Même son de cloche de la part de l’association des Universitaires au service de l’administration des Eaux et Forêts (Ausaef) qui, sans mettre en question la chasse en elle-même, estime que « des pratiques telles que le nourrissage, le lâcher illégal de gibier, la mentalité visant de beaux trophées (…) etc. ne sont pas compatibles avec la protection de la nature. » Un discours sans concessions rappelant que le droit de la propriété prime sur le droit de chasse, que les chasseurs ont le droit de chasse mais pas le droit de police des forêts, que les jeunes chasseurs doivent être formés « par des services étatiques compétents et non pas par des membres du milieu associatif de la chasse ». L’association plaide pour une politique de transparence face au public (publication régulière des données sur la chasse, des plans de tir, des dégâts et de la densité du gibier), n’hésite pas à mettre en cause la composition actuelle de la Commission cynégétique (quatre représentants de la Fédération des chasseurs et un seul représentant de l’administration des Eaux et Forêts) et réclame un plan de tir minimal fixé selon des critères scientifiques.

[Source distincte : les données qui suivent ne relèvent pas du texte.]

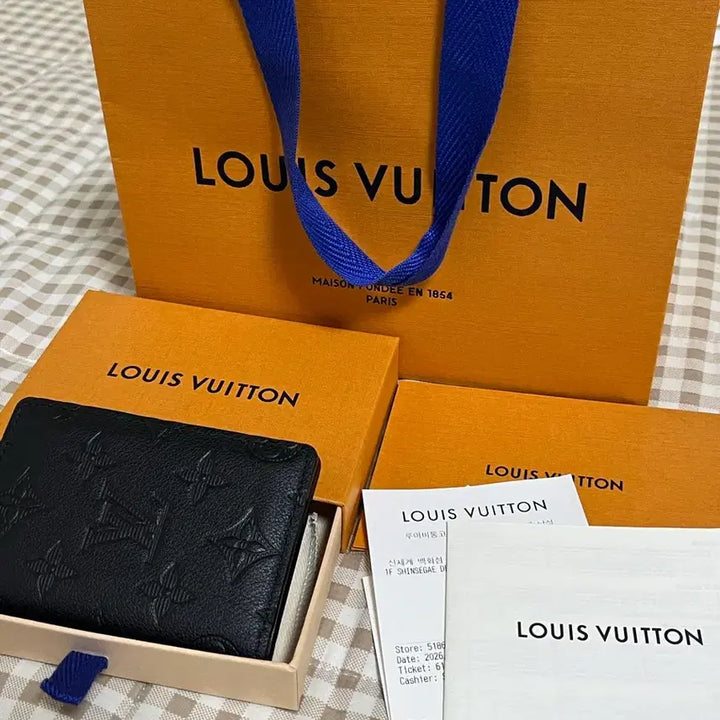 [BUNJANG] Louis Vuitton Pocket Organizer Monogram Shadow Wallet / 루이비통 포켓 오거나이저 모노그램 섀도우 지갑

Ces deux prises de position d’experts se basent sur des études scientifiques réalisées en grande partie sur le territoire grand-ducal. Elles ont le mérite d’orienter le débat sur un terrain autre que les discours émotionnels et les éternelles querelles entre les chasseurs et leurs opposants. Elles permettent aussi de sortir le débat politique du flou dans lequel il s’était enlisé. Les Verts ont sauté dans la brèche, reprenant l’essentiel de ces conclusions. Après le colloque-débat d’orientation fin mars (d’Land 12.01.07), les députés adresseront leurs recommandations au ministre Lucien Lux pour réformer la loi sur la chasse.